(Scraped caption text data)

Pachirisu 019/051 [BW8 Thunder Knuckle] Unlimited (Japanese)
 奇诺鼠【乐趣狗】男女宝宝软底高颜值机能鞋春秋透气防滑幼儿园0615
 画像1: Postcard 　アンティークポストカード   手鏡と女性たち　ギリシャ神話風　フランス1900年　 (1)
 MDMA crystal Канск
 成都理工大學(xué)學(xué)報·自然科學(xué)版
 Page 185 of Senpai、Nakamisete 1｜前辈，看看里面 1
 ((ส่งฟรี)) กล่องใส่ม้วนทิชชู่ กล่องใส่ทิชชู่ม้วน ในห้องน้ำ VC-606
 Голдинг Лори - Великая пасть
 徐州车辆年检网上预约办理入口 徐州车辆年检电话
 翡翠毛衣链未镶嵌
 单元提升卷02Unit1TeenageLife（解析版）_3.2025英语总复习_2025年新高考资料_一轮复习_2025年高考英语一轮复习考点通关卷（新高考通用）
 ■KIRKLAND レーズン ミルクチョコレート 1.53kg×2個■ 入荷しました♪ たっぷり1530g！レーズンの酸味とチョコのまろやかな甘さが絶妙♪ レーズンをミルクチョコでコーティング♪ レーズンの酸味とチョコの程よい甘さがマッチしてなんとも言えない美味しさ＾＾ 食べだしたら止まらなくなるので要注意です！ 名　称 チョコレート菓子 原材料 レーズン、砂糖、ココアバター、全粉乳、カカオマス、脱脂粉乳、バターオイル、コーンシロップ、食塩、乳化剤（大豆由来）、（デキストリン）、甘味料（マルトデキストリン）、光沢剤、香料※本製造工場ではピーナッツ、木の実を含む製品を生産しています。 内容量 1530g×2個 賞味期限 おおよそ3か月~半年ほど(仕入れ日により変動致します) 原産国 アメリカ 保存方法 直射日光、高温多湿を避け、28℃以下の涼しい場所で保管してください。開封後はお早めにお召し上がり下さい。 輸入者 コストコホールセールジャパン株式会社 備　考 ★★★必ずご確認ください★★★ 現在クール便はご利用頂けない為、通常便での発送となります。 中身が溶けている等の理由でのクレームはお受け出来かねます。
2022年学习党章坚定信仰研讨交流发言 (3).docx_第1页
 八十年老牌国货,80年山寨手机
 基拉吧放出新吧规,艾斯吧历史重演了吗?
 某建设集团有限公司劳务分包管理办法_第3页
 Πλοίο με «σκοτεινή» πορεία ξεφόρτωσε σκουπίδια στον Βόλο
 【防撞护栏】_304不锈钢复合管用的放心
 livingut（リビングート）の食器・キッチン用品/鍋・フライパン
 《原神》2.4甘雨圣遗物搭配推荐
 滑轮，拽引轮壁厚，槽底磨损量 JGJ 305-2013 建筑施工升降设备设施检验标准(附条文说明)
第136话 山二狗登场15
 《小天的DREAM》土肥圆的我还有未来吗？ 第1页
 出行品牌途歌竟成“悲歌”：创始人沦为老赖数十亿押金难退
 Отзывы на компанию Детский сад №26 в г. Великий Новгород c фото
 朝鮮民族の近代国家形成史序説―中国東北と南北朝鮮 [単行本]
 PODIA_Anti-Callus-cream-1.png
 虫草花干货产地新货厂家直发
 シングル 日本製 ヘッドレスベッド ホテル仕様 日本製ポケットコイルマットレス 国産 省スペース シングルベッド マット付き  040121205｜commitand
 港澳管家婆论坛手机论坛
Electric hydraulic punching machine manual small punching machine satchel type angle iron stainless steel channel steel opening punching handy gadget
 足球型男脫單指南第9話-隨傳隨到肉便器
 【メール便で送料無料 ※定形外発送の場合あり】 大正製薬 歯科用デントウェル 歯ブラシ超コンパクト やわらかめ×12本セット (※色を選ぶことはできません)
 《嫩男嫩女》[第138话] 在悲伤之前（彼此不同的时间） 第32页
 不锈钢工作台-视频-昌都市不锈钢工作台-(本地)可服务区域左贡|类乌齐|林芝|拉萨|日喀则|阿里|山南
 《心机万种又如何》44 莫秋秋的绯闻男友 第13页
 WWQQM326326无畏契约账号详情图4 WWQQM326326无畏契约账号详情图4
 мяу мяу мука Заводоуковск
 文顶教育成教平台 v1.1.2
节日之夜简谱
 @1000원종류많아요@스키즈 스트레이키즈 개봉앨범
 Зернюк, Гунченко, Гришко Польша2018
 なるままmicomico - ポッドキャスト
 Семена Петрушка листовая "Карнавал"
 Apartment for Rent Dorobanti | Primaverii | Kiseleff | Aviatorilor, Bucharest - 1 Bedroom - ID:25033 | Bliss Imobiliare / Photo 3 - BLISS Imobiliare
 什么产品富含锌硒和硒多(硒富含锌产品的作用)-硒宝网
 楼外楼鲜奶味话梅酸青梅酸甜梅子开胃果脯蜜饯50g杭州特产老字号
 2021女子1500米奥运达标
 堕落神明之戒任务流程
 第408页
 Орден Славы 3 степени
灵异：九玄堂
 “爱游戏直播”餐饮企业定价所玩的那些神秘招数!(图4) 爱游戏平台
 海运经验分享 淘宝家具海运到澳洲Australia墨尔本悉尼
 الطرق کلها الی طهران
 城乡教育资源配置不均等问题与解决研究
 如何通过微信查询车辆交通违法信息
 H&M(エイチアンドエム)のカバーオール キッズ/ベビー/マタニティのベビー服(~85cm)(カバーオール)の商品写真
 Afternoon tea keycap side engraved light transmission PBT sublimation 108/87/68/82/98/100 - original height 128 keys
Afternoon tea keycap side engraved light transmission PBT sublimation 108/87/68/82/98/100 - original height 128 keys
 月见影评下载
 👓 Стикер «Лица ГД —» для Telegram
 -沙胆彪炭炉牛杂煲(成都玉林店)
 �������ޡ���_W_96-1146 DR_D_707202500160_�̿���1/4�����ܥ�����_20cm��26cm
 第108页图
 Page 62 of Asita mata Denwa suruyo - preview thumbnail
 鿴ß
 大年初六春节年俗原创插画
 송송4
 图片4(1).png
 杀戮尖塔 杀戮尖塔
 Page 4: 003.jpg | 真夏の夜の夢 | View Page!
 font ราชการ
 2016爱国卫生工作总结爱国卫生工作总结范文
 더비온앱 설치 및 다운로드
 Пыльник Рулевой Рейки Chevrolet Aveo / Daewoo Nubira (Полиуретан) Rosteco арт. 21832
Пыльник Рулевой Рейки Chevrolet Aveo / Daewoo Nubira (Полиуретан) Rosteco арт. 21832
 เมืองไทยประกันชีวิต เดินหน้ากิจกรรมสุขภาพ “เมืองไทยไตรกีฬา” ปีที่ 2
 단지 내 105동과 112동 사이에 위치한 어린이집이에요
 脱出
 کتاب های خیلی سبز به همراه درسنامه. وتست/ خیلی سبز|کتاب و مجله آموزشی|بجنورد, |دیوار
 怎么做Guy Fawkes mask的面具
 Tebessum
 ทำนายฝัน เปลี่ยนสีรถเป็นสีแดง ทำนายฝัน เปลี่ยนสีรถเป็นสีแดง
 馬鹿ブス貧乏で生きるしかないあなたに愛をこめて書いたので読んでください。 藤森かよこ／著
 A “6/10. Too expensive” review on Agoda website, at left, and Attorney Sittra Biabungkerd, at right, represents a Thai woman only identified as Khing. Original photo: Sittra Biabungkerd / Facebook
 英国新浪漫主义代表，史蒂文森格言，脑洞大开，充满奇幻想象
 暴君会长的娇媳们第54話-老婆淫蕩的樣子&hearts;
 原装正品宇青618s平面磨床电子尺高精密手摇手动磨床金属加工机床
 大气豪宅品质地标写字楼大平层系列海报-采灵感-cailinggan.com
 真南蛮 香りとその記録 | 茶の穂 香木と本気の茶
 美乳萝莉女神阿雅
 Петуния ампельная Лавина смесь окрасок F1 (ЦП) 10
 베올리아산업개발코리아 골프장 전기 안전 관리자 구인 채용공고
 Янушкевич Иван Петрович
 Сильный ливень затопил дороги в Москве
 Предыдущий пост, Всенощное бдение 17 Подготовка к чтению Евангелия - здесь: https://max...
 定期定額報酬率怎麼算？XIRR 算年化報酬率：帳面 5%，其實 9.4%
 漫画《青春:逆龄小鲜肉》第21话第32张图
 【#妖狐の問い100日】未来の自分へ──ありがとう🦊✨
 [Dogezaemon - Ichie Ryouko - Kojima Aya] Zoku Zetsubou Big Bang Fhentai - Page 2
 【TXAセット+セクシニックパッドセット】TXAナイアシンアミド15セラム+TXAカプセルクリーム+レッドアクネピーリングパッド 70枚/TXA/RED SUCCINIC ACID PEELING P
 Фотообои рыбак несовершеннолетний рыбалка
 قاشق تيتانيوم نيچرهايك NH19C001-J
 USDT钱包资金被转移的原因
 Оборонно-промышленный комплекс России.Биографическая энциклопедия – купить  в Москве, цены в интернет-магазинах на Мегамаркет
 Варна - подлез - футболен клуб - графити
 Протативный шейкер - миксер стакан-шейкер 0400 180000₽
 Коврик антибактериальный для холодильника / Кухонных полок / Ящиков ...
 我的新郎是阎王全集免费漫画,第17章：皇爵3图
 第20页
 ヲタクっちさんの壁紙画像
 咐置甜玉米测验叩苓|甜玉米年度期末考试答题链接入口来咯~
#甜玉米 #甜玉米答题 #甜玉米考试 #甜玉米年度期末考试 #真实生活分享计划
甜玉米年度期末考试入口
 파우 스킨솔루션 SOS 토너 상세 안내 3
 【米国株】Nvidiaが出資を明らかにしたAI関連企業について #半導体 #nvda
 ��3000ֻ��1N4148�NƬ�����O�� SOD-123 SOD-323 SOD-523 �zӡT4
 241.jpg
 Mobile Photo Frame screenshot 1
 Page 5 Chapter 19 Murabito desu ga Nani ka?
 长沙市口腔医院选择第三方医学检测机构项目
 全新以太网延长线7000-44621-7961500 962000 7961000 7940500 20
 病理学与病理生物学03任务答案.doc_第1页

• EXERCISE GOAL
Collect the lines of the records that include the string "Rosteco".

• RESULT OF THE TASK
 Пыльник Рулевой Рейки Chevrolet Aveo / Daewoo Nubira (Полиуретан) Rosteco арт. 21832
Пыльник Рулевой Рейки Chevrolet Aveo / Daewoo Nubira (Полиуретан) Rosteco арт. 21832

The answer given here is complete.